My attention has been drawn to the continued suffering of elderly people in the country.
Reports indicate that most of our senior citizens, especially the majority living in rural areas, are living in abject and absolute poverty.
They sleep in shacks that leak, often on empty stomachs while covering their hard and time-honoured bodies in rags.
To survive, most turn to begging and, of course, complete reliance on handouts from the younger generation if not strangers.
Their painful situation is exacerbated by the fact that existing traditional systems of care and support for the elderly in Malawi are increasingly breaking down as the extended family system is collapsing.
They are on their own; rejected, abandoned and accused of witchcraft. If they are not killed, they die like stray dogs, wrapped in mats and buried in unmarked graves.
Is this the kind of treatment we should continue to accord our senior citizens?
I am saying no.
President Lazarus Chakwera and Vice-President Saulos Chilima won on a ticket of ensuring that we create a better Malawian that benefits all.
They prefer calling it ‘Malawi wokomera tonse’.
We are certain that even the elderly are part of this new Malawi.
However, the situation on the ground is troubling for our elderly.
That is why I support submissions by Malawi Network for the Elderly People (Manepo) who propose an urgent need for the Chakwera administration to implement a universal pension for all elderly people in Malawi.
A universal pension is just an example of social protection schemes aimed at protecting the most vulnerable in our society, especially those who are either too old to work or sickly and frail.
In Malawi, some of the poorest of the poor have been beneficiaries of social protection schemes, including social cash transfers and farm input subsidies.
However, these schemes are generic. As such, not much trickles to the elderly.
In 2016, a government study showed that three-quarters of the elderly do not benefit from these schemes.
That is why a special scheme, entirely targeting the elderly is a matter of urgency if, as a nation, we care to protect our senior citizens to live their life in dignity.
You see, there are only about one million old people in Malawi.
However, only five percent are on pension and studies show that they live a better life.
This means that if government can implement a universal, non-contributory pension scheme, the lives of our senior citizens will begin to improve.
The good thing is that government has already done studies on this and the conclusion has been that social pensions represent an important component of an institutional foundation for old-age social protection.
The Tonse Alliance government just needs to take it up from there.
There is a good reason not just for the elderly, but for the entire society as regards why we should have a universal pension scheme for the elderly.
A universal pension would also create multipliers within the households and the wider community. There is empirical evidence of how pensions can reduce child poverty and rates of child labour —and boost school enrolment.
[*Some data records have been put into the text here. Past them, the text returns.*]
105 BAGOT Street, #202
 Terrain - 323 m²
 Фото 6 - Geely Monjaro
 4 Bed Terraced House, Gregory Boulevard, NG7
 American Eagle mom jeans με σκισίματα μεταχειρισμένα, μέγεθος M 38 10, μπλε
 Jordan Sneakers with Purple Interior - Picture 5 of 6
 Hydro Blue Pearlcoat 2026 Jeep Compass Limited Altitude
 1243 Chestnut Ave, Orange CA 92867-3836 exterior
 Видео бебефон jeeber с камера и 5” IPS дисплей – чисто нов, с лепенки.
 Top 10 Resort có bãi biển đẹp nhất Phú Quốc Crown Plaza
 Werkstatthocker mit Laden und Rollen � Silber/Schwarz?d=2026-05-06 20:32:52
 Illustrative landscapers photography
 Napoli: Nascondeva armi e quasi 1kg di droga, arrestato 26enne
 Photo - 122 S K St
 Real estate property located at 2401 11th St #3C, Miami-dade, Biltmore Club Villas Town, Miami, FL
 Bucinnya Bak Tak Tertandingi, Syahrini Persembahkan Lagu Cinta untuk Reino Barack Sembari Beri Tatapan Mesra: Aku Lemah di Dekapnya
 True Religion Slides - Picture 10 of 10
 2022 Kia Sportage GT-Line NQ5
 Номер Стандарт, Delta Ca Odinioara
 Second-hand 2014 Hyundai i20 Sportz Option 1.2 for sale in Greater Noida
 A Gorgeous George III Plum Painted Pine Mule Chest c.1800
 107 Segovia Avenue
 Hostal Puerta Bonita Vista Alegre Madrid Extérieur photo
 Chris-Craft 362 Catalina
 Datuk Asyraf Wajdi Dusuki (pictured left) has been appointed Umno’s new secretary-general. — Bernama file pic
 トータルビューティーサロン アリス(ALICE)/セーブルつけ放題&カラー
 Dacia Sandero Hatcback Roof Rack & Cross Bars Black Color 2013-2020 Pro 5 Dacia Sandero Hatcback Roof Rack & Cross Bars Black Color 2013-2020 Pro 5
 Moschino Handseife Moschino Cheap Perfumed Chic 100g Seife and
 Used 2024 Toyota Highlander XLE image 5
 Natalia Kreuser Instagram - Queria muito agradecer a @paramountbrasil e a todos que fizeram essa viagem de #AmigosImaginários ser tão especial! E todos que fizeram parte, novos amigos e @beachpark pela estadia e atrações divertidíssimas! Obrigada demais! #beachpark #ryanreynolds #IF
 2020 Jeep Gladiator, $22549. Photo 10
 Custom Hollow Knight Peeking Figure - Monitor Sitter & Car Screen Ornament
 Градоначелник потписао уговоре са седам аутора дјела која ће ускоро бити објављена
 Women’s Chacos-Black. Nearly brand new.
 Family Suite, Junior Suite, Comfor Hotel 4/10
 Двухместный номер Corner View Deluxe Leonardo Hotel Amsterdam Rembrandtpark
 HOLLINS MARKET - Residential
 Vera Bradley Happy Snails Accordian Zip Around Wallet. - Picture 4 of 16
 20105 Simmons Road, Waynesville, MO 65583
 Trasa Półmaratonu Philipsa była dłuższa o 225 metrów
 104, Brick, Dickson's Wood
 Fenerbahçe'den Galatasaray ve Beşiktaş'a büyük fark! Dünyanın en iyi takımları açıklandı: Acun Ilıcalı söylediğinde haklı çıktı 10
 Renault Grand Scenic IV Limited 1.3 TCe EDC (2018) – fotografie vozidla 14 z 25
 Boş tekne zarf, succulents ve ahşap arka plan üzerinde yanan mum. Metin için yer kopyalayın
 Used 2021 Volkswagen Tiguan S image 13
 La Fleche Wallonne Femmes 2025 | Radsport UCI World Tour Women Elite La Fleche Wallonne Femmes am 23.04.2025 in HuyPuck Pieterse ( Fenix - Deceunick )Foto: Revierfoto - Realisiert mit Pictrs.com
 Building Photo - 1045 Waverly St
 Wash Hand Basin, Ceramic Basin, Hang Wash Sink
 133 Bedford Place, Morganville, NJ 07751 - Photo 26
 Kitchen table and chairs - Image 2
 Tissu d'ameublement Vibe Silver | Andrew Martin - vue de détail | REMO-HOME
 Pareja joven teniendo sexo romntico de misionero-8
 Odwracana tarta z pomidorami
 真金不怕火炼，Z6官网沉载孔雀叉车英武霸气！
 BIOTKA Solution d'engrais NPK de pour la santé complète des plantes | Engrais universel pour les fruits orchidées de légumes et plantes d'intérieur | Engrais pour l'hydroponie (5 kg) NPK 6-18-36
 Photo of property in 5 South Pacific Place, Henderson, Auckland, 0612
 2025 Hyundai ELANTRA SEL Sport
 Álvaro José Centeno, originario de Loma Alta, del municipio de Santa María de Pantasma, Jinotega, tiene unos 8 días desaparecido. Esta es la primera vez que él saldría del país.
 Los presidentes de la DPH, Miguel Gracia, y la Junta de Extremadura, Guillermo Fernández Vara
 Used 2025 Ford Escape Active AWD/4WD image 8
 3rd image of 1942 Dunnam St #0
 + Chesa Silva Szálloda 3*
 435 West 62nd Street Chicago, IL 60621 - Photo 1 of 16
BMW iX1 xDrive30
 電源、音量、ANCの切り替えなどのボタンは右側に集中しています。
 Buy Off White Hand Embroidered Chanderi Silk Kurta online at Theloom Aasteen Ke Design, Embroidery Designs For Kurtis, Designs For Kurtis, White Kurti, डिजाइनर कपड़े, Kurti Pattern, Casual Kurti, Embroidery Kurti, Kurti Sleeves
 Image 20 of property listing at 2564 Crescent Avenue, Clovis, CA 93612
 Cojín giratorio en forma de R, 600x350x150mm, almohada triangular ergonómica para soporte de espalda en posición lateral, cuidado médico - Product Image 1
The extra cash being pumped into rural communities would also catalyse efforts towards agricultural development.
Further, a scheme of this nature would provide a long-term tool to systematically share the proceeds of growth among society as a whole, and thus contain levels of inequality.
This is why I feel time has come for Chakwera to live to his ideal of an inclusive government that takes care of all, including the elderly.
Malawi needs a universal pension scheme for our senior citizens.